TASK REQUIREMENTS: For the data below, please report each line where the word "spektraph" is found.

MATERIAL PROVIDED:
§
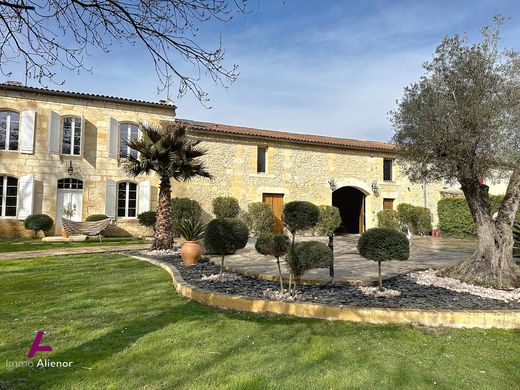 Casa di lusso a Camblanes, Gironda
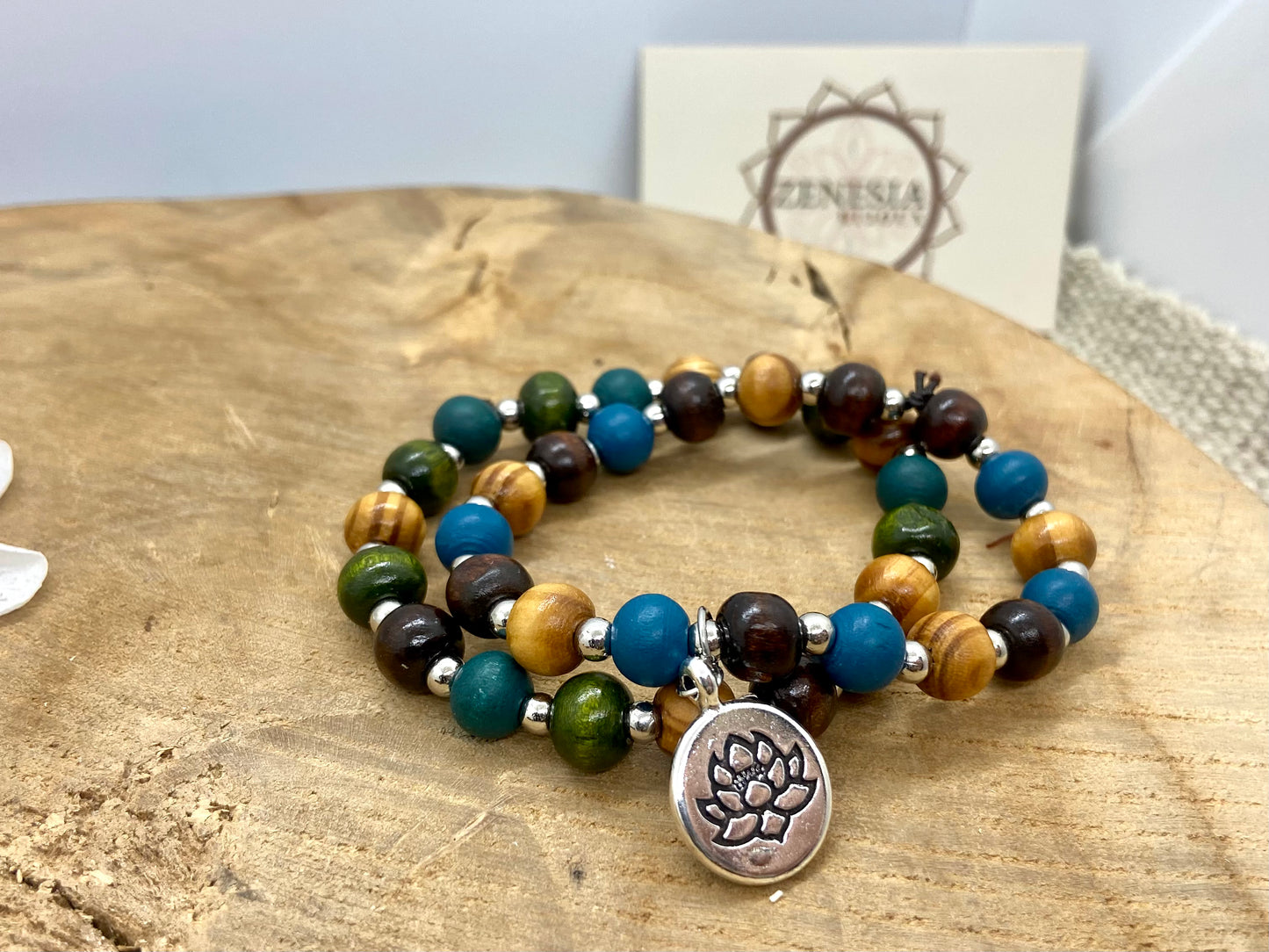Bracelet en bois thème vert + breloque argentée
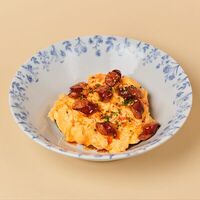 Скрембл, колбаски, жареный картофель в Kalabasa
§
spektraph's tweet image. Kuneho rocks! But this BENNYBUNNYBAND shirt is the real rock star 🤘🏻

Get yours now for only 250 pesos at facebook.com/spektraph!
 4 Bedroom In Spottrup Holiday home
§
SOLVED EXERCISE:
spektraph's tweet image. Kuneho rocks! But this BENNYBUNNYBAND shirt is the real rock star 🤘🏻
Get yours now for only 250 pesos at facebook.com/spektraph!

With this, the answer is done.